The Treasury Department’s Office of Inspector General (OIG) said in a new information memorandum that IT Acquisition, and Project Management and Cyber Threats, remain from the previous year as two of five management and performance challenges for the agency.

The report – prepared in accordance with the Reports Consolidation Act of 2000 – provides the OIG’s perspective on “the most serious management and performance challenges” facing Treasury. The OIG identified six total challenges, five of which “are repeated and updated from last year to include COVID-19 impacts on related workforce and work streams.”
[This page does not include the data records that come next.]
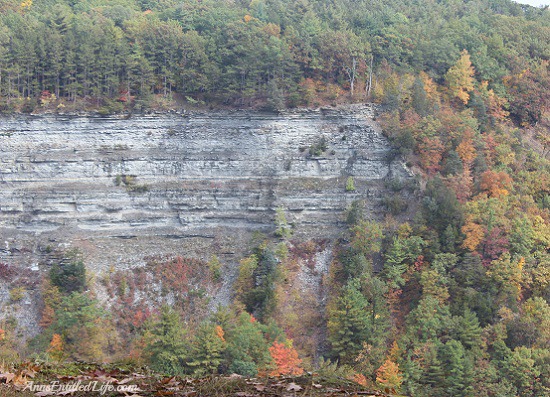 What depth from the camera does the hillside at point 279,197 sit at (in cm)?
3078

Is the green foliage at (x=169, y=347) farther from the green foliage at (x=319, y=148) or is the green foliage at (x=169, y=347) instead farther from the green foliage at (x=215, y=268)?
the green foliage at (x=319, y=148)

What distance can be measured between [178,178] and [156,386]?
31.8 m

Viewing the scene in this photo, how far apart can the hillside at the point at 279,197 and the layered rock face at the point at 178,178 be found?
125mm

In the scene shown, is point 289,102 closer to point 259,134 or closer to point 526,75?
point 259,134

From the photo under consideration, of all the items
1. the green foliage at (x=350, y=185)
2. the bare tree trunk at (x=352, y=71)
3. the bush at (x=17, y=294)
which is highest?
the bare tree trunk at (x=352, y=71)

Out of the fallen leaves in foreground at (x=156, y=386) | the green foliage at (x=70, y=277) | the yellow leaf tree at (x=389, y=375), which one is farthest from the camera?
Result: the green foliage at (x=70, y=277)

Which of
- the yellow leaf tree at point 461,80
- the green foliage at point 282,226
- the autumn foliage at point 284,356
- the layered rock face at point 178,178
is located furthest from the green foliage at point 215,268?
the yellow leaf tree at point 461,80

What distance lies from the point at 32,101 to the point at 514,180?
3064 centimetres

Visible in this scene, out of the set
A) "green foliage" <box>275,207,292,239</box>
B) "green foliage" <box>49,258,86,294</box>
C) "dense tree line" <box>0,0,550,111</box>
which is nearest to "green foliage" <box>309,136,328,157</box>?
"dense tree line" <box>0,0,550,111</box>

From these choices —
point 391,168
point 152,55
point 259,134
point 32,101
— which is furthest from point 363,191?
point 32,101

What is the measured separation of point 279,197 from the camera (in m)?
38.7

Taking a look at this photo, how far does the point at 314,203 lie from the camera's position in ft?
126

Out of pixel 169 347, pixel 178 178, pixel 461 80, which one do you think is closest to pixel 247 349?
pixel 169 347

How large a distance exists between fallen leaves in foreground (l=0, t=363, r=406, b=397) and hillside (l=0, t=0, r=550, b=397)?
19.6 meters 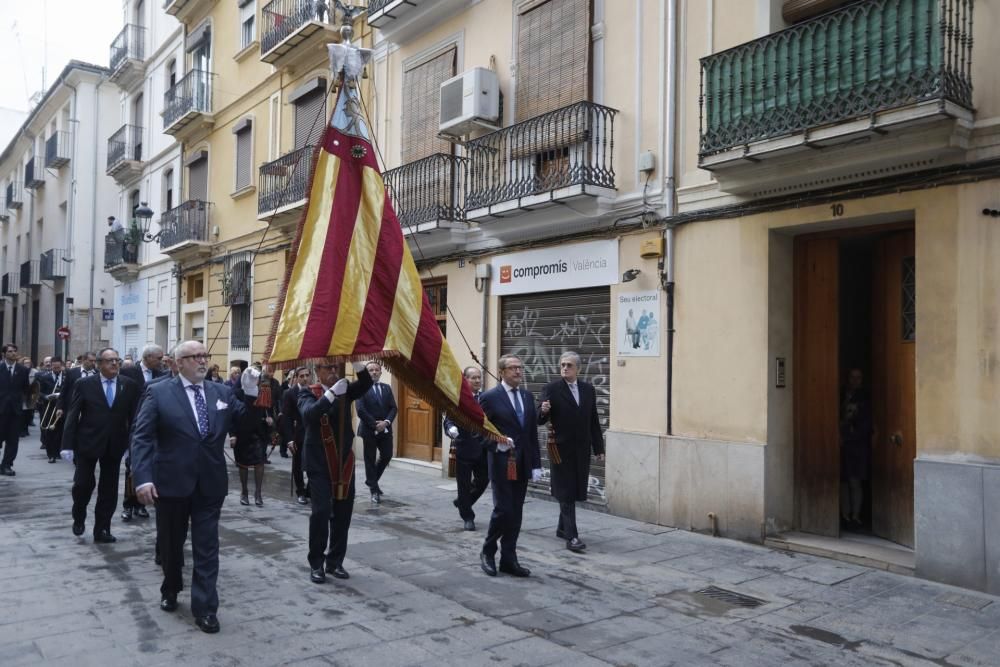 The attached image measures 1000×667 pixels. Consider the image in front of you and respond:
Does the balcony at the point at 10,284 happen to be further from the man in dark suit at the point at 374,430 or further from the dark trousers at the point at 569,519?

The five identified challenges repeated from last year include:

  • IT Acquisition and Project Management;
  • Cyber Threats;
  • Operating in an Uncertain Environment;
  • Anti-Money Laundering/Terrorist Financing and Back Secrecy Act Enforcement; and
  • Efforts to Promote Spending Transparency and to Prevent and Detect Improper Payments.

The newest and sixth challenges identified by OIG is COVIVD-19 Pandemic Relief. Along with these challenges, OIG reported elevated concerns about the coin redemption program at the U.S. Mint, managerial cost accounting, and internal control matters at the Bureau of Engraving and Printing.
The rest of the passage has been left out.